Why do muscles stop growing when we are nervous?
When we are nervous, the adrenal glands secrete cortisol, the stress hormone. It helps mobilize energy and direct it to vital processes. From a survival standpoint, this is useful: the body gets quick access to glucose, increases the heart rate, and suppresses processes that are not important at the moment. But for muscle growth, this is a critical factor.
To quickly obtain amino acids, the body begins to break down protein, primarily muscle protein. At the same time, cortisol inhibits the synthesis of new protein, reduces testosterone and growth hormone levels, increases inflammation, and interferes with normal sleep. All this prevents muscle growth, and with prolonged stress, muscles begin to shrink altogether.
How to change your lifestyle so that your muscles start growing again?
To avoid this vicious circle, it is important to build a lifestyle so that the body gets enough time and resources to recover. This is what is important to pay attention to.
- Healthy sleep. You need to sleep seven to nine hours in complete darkness, preferably going to bed and getting up at the same time. An hour before bed, you should give up gadgets: the light from screens suppresses the production of melatonin, which means it disrupts falling asleep and the depth of sleep.
- The right training regime. You shouldn’t work “to the point of exhaustion” every day. It’s best to alternate strength and recovery days, include stretching, yoga or light cardio in the program. This helps maintain tone, but not overload the nervous system and muscles.
- Nutrition. Muscles will not grow without sufficient protein, but other elements are also important: magnesium reduces the excitability of the nervous system, omega-3 fatty acids reduce inflammation, vitamin D is involved in the production of hormones.
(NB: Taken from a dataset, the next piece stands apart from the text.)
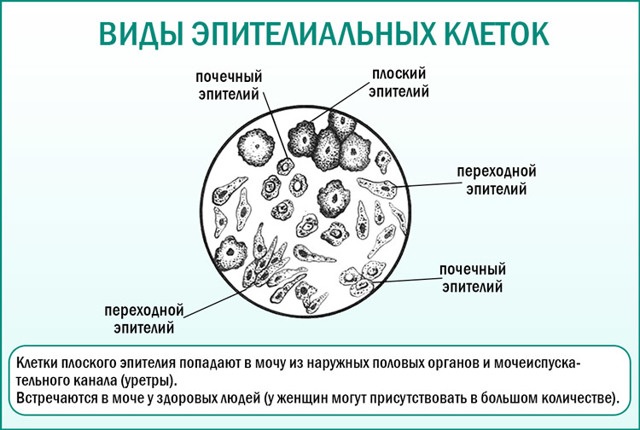 Эпителий в моче фото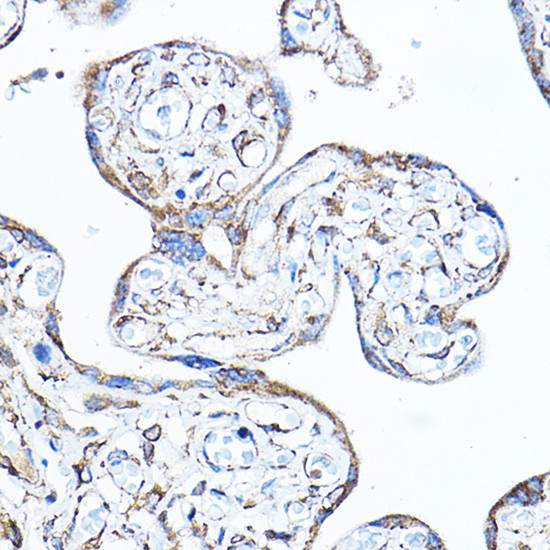 PDK4 Antibody in Immunohistochemistry (Paraffin) (IHC (P))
Try to get as many nutrients from food as possible. You should resort to the use of dietary supplements only after consulting a doctor.
- Mental hygiene. It is necessary to limit the flow of news and time on social networks, minimize communication with toxic people. It is useful to introduce small “islands of silence” during the day: a walk without a phone, reading, breathing exercises.
- Tracking your condition. Even without special gadgets, you can assess the level of recovery by the quality of sleep, morning well-being, desire to train and overall tone.
5 Tips for Those Who Are Stressed
Of course, it is very difficult to completely avoid stress. There are situations when it is completely impossible to remain calm. If stress does overtake you, it is important to quickly switch your body to recovery mode.
- Breathing practices. For example, the 4-7-8 method (inhale for four seconds, hold your breath for seven seconds, and exhale for eight seconds) or “square” breathing (each breathing phase lasts four seconds). These exercises reduce cortisol levels and calm the nervous system.
- Light physical activity. Walking, stretching, yoga or swimming – all of these help relieve muscle tension. This activity will be even more beneficial if you do it in a quiet and calm place.
- Meditation or mindfulness. Such practices give the brain the opportunity to “reboot”. One of the short practices that allows you to feel yourself in the moment and let go of anxiety is “5-4-3-2-1”. You need to name five objects that you see, four sounds that you hear, three smells that you feel, two tactile sensations and one taste.
- A warm shower or bath. Relaxes muscles and activates the parasympathetic system.
- Communication. Pleasant communication triggers the production of oxytocin, which naturally reduces stress levels.
Muscle growth is a balance between stress and recovery. You can train according to the best program and eat according to the ideal diet, but without stress control there will be no progress. The ability to slow down in time and let the body recover is the same training, only for the nervous system.